I have read that sometimes people can have one bad reaction and then never have another. I've also read that the likelyhood of a severe reaction increases 60-70 percent in someone who has had a previous severe reaction. I've likely read too much.
The scary thing is, I haven't been back to that place yet. We are preparing to go at the beginning of summer and I'm a wreck. To stand in the place where I watched my childs face begin to swell? I'm not sure I'm gonna be okay with that. The early summer weekends aren't so bad, there are not nearly as many wasps around and they are mostly busy with bug-work. By the end of the summer, it all changes. They know they are all going to die and get aggressive trying to get sugars to keep themselves in energy. The Trucker has already mentioned his hope for a September trip out there this year. I finally told him yesterday that I don't think I can do it.
The worst part, is not knowing. I don't know if this was a fluke thing. I don't know if the next reaction could be the last. I don't know anything. And I can't protect him. I can't put him in a bubble. I can't be with him 24/7. I can't teach him fear of living. I can't .... I can't control this. There is absolutely no way I can control nature at all. And I HATE that. How do I convince Art that he is fine to go outside and play after school, when the thought of it picks at my mind the entire time he's out there? I'm certainly not going to force him to stay inside just for my sake. What kind of life would he have?
I am aware that my worry is excessive. It usually works that way for me. I will think it through a thousand different ways and once I've reached the end of all possible outcomes, I will decide the best way to move forward. It is a hard process for me. Truly. But it is MINE. It is the way I find the most peace with anything in this life of mine.
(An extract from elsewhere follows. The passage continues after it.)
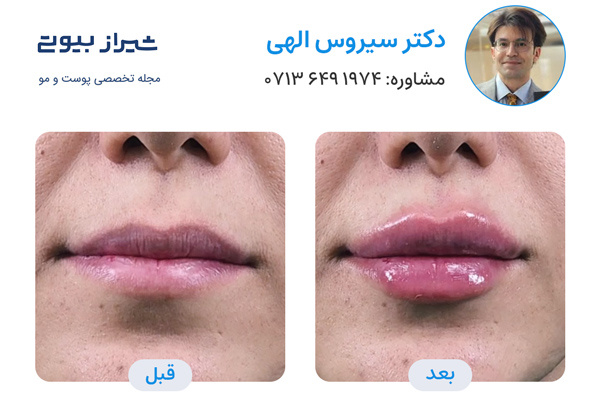 تزریق ژل لب در شیراز - دکتر سیروس الهی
As I said, it's going to be a painfully long summer for me. I will be realistic and get through it one day at a time. That's how we do everything anyway, isn't it?
For now, I'm taking whatever precautions I can to protect our yard from invaders. I'm paying more attention when we all go through the doors. I'm not opening that window that has a huge hole in the screen until I fix the screen. And I'm making sure that we have our Epi-Pen with us at all times.
I hope to have a memorable summer, and I can't wait for winter. How about you?